Run environment: JDK 21.0.8-ms · Maven · PostgreSQL (pgvector/pgvector:pg18) · OpenSearch 1.3.6 · Total build time: 8m 44s

[mbiuki]

@wezell smoke tests for the Struts action paths and CSV import process are done and passing (see results above). Could you take another look when you get a chance? Thanks!

[wezell]

Looking better, thanks @mbiuki

[wezell]

Actually, make sure to add this new test to the testing suite - it won't run unless it is in there.

[mbiuki]

Hey @wezell — done! I've added ImportContentletsActionSmokeTest to MainSuite3a as you requested. The commit is pushed to the branch. Let me know if anything else needs to be addressed.

[wezell]

nice, good stuff

[mbiuki]

Hey @spbolton — I noticed something while working on this PR that I wanted to check with you about.

In parent/pom.xml at line 1927, there's a reference to a suppression file:

<suppressionFile>dependency-check-suppressions.xml</suppressionFile>

This reference was added in commit 62e8d60061 (PR #27461, Feb 23, 2024), but the file dependency-check-suppressions.xml has never actually been created in the repo.

As part of this PR I added owasp-suppressions.xml with suppressions for Elasticsearch and Struts false positives, but I realize it won't be picked up by the plugin because the filename doesn't match what parent/pom.xml expects.

Could you clarify:

1. Was dependency-check-suppressions.xml supposed to be created as part of PR chore(maven) Cleanup maven docker processes including postman #27461 but got missed?
2. Should I rename owasp-suppressions.xml → dependency-check-suppressions.xml to wire it up correctly?

Want to make sure I'm not missing something before making any changes.

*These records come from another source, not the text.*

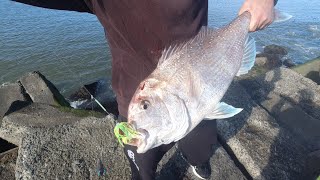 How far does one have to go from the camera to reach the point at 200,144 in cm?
342

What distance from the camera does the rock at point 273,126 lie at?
13.0 feet

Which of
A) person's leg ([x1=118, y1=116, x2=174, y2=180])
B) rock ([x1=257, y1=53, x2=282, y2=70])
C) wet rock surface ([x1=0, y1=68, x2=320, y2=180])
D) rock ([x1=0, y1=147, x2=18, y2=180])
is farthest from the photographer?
rock ([x1=257, y1=53, x2=282, y2=70])

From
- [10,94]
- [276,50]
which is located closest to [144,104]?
[10,94]

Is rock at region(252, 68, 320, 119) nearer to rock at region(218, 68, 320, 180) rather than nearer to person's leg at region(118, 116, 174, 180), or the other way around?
rock at region(218, 68, 320, 180)

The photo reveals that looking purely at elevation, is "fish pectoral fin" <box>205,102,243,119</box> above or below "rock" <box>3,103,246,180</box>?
above

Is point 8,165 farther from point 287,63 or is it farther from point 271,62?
point 287,63

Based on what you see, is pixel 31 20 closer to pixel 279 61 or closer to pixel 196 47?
pixel 279 61

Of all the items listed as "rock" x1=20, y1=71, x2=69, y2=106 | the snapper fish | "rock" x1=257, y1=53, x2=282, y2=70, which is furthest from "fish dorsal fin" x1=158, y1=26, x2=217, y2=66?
"rock" x1=257, y1=53, x2=282, y2=70

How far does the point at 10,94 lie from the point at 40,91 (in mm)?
686

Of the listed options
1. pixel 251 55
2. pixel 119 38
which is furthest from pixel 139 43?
pixel 251 55

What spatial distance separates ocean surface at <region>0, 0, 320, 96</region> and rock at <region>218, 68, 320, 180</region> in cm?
538

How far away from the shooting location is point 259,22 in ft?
7.93

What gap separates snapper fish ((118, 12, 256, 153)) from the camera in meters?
1.83

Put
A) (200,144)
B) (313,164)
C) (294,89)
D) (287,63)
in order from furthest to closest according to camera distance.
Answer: (287,63), (294,89), (313,164), (200,144) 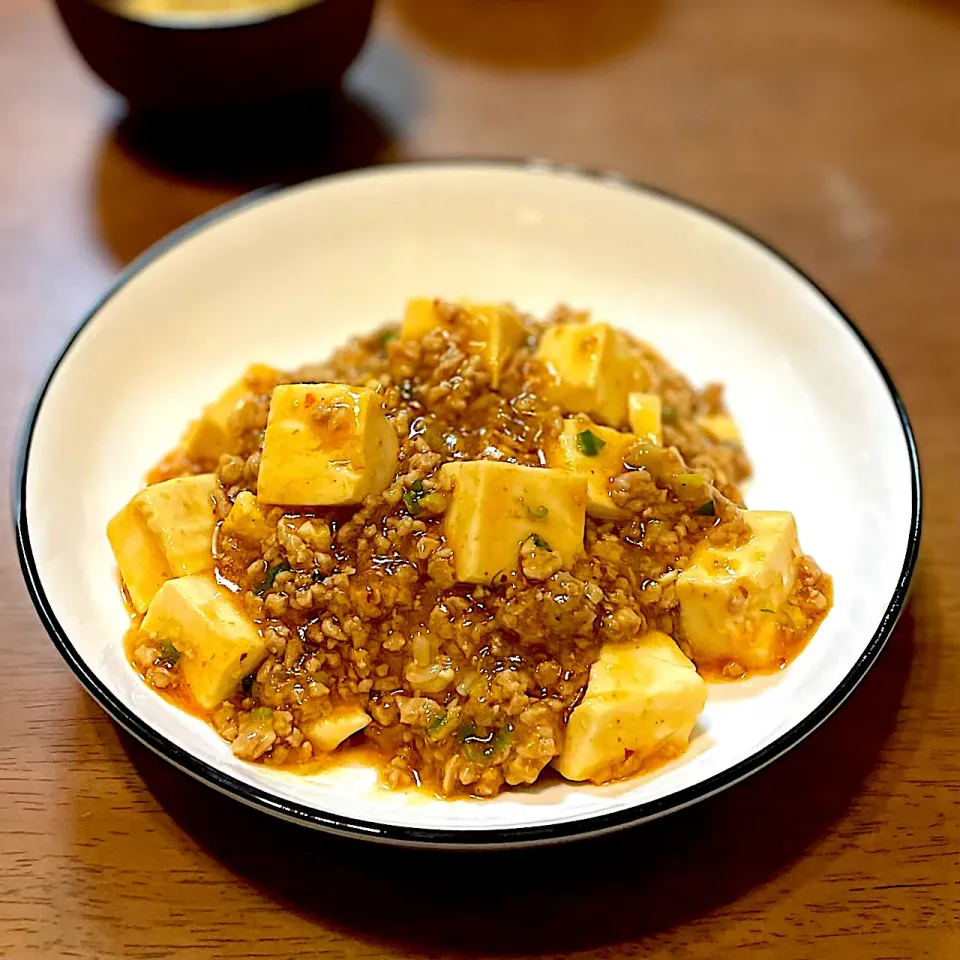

Thanks!

[mbiuki]

Hey @spbolton — I noticed something while working on this PR that I wanted to check with you about.

In parent/pom.xml at line 1927, there's a reference to a suppression file:

<suppressionFile>dependency-check-suppressions.xml</suppressionFile>

This reference was added in commit 62e8d60061 (PR #27461, Feb 23, 2024), but the file dependency-check-suppressions.xml has never actually been created in the repo.

As part of this PR I added owasp-suppressions.xml with suppressions for Elasticsearch and Struts false positives, but I realize it won't be picked up by the plugin because the filename doesn't match what parent/pom.xml expects.

Could you clarify:

1. Was dependency-check-suppressions.xml supposed to be created as part of PR chore(maven) Cleanup maven docker processes including postman #27461 but got missed?
2. Should I rename owasp-suppressions.xml → dependency-check-suppressions.xml to wire it up correctly?

Want to make sure I'm not missing something before making any changes. Thanks!

@dsilvam Is this ok? I know this is merged, but do we have to create a new ticket to fix this?